The main streets and intersections around north Jackson have never looked so good, despite just about zero help from the city, county or state.
Northsider Locke Ward is constantly sending me photos of this or that street that his group has edged, mowed, power washed or whatever. It’s nothing short of amazing. So amazing the Mississippi House of Representatives passed a resolution praising him.
And it’s not just Ward and his crew. The Greater Belhaven Foundation, the LeFleur East Business Improvement District and other private efforts have helped.
The LeFleur East Business Improvement District is also pitching in. They hired Southern Horticulture and began work along the I-55 east frontage road at Eastover Drive and will continue north to Canton Mart Road.
District chairman Warren Speed said the work also includes the I-55 west frontage road from Eastover Drive to Canton Mart Road and even along the interstate in those areas.
Greater Belhaven residents took matters into their own hands by removing mud, leaves and debris from curbs during a cleanup day, In the process, they uncovered numerous storm drains hidden by overgrowth, she said.
Volunteers also tidied up overgrown medians, cleaned Laurel Street Park, Belhaven Art Park and Belhaven Heights Park and picked up trash off I-55 where the exits to Belhaven area are and along the Museum Trail and the mountain biking trail.
Ward got tired of seeing trash and overgrown grass on the I-55 frontage road. Local government had dropped the ball on basic maintenance. Trash wasn’t being cleaned up. Edging and mowing wasn’t being done. So Ward started raising money and hired a local landscaping firm to do what the City of Jackson or Hinds County (or even MDOT) should have been doing all along.
As word got out through social media (and the Northside Sun’s promotion as well), money started rolling in, nearly nine thousand dollars’ worth. The frontage roads and many other streets on the Northside are looking better than they have in years. And all for a fraction of the cost of what the local government would have spent. Casey Bridge's company Casey Can Home Services is doing the work.
Ward now has a Go Fund Me page called Clean Up Jackson. We urge Northsiders to contribute whatever they can. You can also Venmo money to @Locke-ward.
I’m not sure which is more amazing: the utter failure of local and state governments to do something as basic as keeping our streets clean, or the fact that Northsiders have taken matters into their own hands and done a job far better than the government ever did.
Locke’s effort was facilitated by the amazing advances in communications and social media. Technology enabled him to get the word out, motivate donors and have reliable and easy means to transfer donations. I’m not sure this could have been done twenty years ago.
This type of progress is encouraging.
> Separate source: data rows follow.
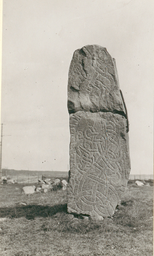 Upplands runinskrifter 757 — Claes Claesson; https://app.raa.se/open/runor/inscription?id=33bf878f-ab5e-4f23-849a-ef0bca87b6c1. CC0 1.0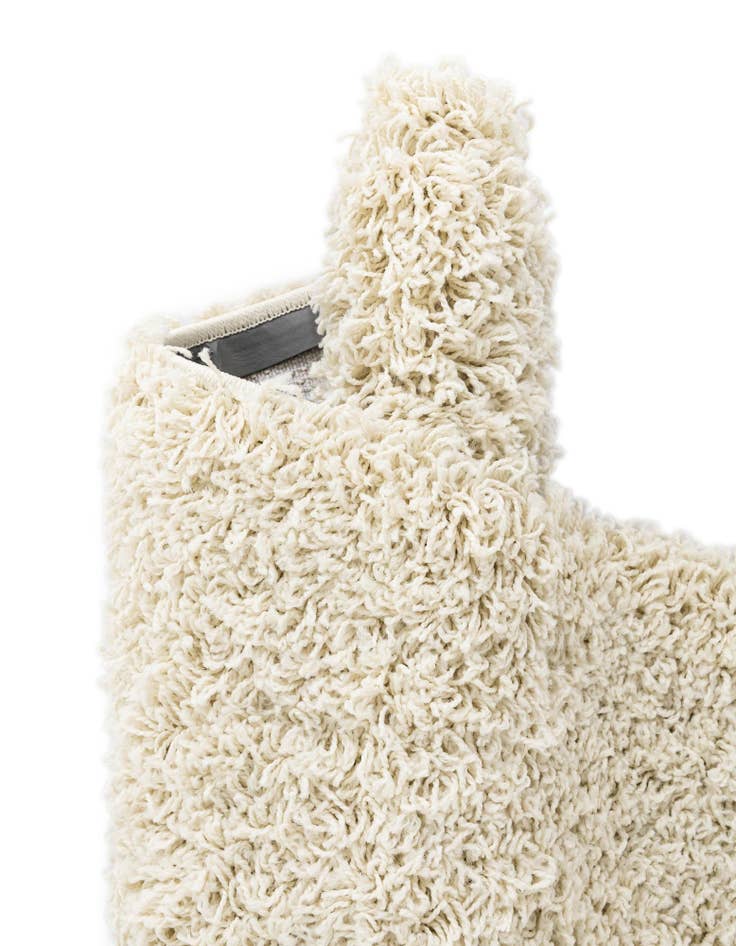 Detail image of 8' x 11' Everyday Shag Rug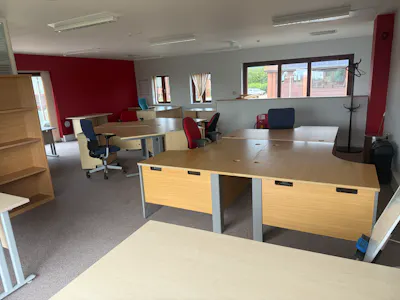 21 Chestnut Court, Sambourne, Office To Let / For Sale - IMG_6281.JPG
What’s not encouraging is the breakdown in our local and state government’s ability to clean up the streets of its taxpayers.
Mississippi Department of Transportation director Brad White addressed this issue at a press conference earlier this year, blaming it on unstable and insufficient funding mechanisms for MDOT. Basically, trash and landscaping get pushed to the side when there’s not enough money to properly maintain the asphalt.
MDOT still relies on a gas tax that hasn’t been raised in decades despite significant inflationary rises in the cost of asphalt, labor, machinery and everything else associated with road maintenance.
As for the city, if it can’t get its act together enough to produce safe drinking water, it’s not surprising the streets don’t get edged or the trash picked up.
People hate taxes and our elected leaders have to do what the people want or lose. So the public has nobody to blame but themselves. Low taxes have a downside: Dirty, ugly streets.
It’s depressing driving around and seeing trash everywhere, grass growing all over the curbs, weeds out of control on medians. It’s very much a quality of life issue. It gives you this vague sense of things not being right.
I have long noticed that the street curbs alongside private businesses and churches are neatly manicured while the government sections are unkempt and overgrown. People blame the government and want to give it less in taxes but maybe the problem is stingy taxpayers.
But for right now, the grass is cut, the curbs edged, bridged power washed, and the trash picked up. All from private donations..
Ironically, this is kind of an ultimate form of progressive taxation. People with enough money to donate are paying for these cleaner streets while people with less money receive the benefit with no cost. I have no doubt that private effort is several times more efficient.
Oh well. There are a lot of ways to skin a cat. Whatever works. In the meantime, I’m thoroughly enjoying living in a more neatly kept city. Thank you Locke and all the others.